I tried to load data using two PIPELINEs, but ER_LOCK_WAIT_TIMEOUT failed.
It was tested in the following scenario.
CREATE one FS PIPELINE using INTO PROCEDURE.
The Procedure inserts the data into a table.
I started the PIPELINE and measured the eapsed time, but it was bad.
- Split the file(single -> number of db partitoions), but nothing changed.
- Reduced or increaed the partitions, but nothing changed.
So, I modified the PIPELINE and started two PIPELINEs at the same time.
After 60 seconds, ER_LOCK_WAIT_TIMEOUT occurs and one PIPELINE failed.
I tried the test in various ways, but nothing changed.
- Creating two PROCEDUREs and using them for each PIPELINE, but nothing changed.
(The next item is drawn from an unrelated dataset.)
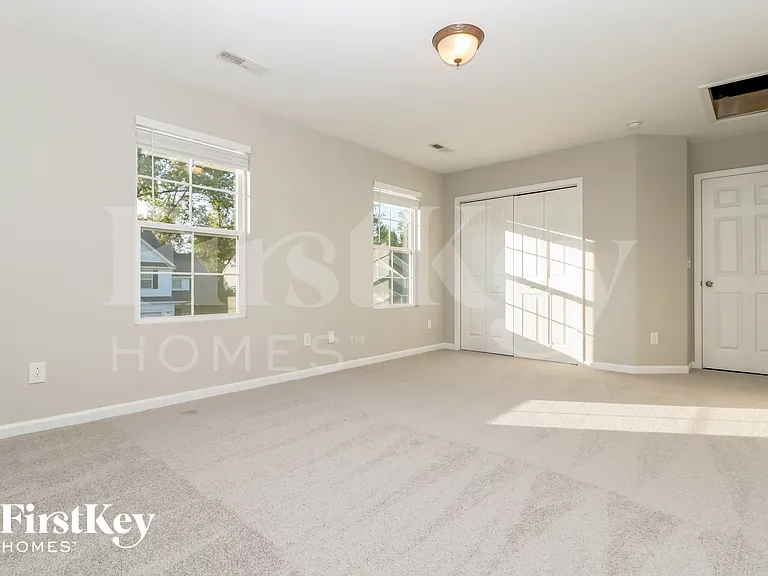 426 Village Park Dr — Photo 11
Rather than inserting one by one row
INSERT_ALL, INSERT INTO table VALUES (…), (…),…; Using both methods, the performance was good.
But, Like I said above,
If two(or more) PIPELINEs are started, all of the above INSERT methods also cannot avoid ER_LOCK_WAIT_TIMEOUT failed.
I think, This is a big issue.
If there are multiple data files to be INSERT into one table and the format is various,
To use multiple PROCEDUREs, need to creating and starting each PIPELINE for PROCEDUREs.
However, due to this problem, only one of the multiple PIPELINEs will succeed and the other will fail. (Of course, the failed PIPELINE will continue to be retried, so someday it will succeed…)
This means that if PIPELINEs using INTO PROCEDURE are inserted into a single table, the INSERT operation cannot be parallelized.
Is this lock(TABLE(?) LOCK) absolutely necessary?
I’ve seen past articles (ER_LOCK_WAIT_TIMEOUT when two pipelines are running concurrently), but
I think this is by no means a solution.
Any other solutions?